_AIM OF THE TASK_
Across the records that follow, give the number of lines containing the word "Vertical" and nothing else.

_EXERCISE DATA_

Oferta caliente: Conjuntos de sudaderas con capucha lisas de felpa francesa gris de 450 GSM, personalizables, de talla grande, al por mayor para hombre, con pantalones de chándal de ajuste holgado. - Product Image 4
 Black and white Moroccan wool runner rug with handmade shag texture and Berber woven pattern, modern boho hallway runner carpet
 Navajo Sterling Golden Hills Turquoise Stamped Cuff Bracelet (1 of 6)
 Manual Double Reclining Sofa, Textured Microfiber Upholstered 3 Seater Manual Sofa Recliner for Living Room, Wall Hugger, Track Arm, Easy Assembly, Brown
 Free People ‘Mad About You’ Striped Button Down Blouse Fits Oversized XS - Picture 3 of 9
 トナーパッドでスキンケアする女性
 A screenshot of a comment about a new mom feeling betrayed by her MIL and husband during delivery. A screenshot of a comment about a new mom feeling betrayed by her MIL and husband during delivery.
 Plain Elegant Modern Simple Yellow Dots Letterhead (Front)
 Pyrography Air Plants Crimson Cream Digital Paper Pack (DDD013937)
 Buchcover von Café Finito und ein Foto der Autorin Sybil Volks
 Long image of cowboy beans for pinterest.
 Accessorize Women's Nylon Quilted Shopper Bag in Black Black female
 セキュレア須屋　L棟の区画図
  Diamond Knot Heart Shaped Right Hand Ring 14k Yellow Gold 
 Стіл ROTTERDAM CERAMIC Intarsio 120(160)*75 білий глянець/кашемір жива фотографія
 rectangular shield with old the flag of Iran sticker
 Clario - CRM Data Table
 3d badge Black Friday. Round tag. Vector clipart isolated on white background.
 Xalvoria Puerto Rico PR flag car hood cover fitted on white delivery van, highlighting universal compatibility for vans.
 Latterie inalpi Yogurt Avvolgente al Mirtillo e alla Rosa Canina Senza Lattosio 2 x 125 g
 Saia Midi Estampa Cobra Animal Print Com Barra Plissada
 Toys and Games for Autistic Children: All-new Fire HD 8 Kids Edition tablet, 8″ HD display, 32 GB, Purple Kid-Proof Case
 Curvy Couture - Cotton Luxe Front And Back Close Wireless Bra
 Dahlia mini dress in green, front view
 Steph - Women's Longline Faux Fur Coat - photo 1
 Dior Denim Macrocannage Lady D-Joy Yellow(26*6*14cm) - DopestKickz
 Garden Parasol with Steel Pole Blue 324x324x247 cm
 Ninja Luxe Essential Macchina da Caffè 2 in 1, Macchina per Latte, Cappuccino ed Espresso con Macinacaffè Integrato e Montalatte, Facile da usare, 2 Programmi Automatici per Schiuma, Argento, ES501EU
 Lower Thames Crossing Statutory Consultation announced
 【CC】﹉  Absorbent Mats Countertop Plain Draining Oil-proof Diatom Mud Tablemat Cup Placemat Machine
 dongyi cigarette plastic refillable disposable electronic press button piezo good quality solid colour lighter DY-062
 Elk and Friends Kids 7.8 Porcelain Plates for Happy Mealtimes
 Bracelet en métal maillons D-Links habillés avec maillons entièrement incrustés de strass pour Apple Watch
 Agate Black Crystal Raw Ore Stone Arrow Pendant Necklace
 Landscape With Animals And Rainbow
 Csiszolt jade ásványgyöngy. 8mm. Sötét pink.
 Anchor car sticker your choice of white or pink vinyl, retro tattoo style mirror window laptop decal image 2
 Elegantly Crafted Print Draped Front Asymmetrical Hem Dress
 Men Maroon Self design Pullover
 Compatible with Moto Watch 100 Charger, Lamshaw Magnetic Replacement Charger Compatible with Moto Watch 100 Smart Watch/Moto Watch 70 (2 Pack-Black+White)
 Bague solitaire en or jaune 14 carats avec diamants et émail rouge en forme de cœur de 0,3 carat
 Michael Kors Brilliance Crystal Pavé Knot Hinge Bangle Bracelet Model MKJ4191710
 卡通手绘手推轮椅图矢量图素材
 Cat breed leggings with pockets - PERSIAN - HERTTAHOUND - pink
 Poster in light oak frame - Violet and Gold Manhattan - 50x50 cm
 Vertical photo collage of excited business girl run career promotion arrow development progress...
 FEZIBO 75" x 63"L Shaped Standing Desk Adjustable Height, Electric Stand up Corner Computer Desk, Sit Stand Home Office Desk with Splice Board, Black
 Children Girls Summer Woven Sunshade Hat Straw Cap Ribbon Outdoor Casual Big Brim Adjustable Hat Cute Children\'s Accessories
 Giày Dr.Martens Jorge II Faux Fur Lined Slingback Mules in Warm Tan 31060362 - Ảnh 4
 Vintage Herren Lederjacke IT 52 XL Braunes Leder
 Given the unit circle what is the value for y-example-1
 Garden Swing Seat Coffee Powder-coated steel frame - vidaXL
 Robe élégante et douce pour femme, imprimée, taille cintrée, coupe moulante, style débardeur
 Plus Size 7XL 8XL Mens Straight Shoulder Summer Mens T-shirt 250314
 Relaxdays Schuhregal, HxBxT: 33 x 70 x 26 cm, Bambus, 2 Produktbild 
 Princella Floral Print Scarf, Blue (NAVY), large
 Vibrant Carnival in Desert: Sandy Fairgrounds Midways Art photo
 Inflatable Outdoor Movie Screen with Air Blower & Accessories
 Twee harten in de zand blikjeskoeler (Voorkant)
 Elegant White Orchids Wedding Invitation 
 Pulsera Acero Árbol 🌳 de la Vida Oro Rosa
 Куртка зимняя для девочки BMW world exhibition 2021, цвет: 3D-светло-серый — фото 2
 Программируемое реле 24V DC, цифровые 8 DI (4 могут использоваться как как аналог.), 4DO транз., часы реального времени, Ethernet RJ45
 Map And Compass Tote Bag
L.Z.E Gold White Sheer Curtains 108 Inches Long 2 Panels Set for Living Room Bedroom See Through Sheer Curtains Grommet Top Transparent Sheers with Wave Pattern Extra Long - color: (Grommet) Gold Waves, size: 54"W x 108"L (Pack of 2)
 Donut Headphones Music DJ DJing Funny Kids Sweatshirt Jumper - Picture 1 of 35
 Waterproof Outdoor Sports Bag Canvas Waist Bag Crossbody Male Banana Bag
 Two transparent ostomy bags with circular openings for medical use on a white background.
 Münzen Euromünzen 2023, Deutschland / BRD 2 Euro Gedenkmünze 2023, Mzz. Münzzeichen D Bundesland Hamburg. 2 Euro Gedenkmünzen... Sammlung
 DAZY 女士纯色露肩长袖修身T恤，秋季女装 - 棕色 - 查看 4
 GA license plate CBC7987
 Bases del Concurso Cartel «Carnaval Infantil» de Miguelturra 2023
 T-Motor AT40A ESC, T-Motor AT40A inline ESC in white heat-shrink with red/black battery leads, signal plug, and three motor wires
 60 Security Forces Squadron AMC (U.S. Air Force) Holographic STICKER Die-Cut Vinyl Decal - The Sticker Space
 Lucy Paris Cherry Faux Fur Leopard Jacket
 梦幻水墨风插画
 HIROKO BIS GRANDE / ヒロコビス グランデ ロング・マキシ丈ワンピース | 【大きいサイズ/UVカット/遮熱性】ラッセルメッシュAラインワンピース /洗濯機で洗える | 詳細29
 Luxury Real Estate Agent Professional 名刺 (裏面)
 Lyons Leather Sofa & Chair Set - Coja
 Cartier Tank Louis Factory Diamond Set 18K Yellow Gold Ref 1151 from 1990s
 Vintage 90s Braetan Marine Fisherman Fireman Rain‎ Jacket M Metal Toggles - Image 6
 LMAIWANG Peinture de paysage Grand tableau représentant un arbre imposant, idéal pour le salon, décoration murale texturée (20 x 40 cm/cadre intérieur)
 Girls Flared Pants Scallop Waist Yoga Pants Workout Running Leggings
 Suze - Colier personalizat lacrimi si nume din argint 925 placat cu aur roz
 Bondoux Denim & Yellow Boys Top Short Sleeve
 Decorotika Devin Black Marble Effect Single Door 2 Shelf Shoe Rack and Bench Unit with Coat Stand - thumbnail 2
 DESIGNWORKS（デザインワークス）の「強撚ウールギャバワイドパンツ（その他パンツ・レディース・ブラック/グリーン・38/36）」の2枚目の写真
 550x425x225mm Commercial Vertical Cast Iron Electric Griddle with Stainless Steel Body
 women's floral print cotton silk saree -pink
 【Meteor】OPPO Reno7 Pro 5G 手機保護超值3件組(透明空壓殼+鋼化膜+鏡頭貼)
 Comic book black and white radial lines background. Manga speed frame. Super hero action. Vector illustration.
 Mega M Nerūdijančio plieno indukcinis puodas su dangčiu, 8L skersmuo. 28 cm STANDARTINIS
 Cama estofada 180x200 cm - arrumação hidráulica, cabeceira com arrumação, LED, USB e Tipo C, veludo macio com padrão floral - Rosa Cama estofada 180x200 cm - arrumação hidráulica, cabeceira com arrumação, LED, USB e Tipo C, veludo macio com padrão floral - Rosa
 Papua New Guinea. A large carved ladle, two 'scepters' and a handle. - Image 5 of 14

_RESPONSE TO THIS TASK_
2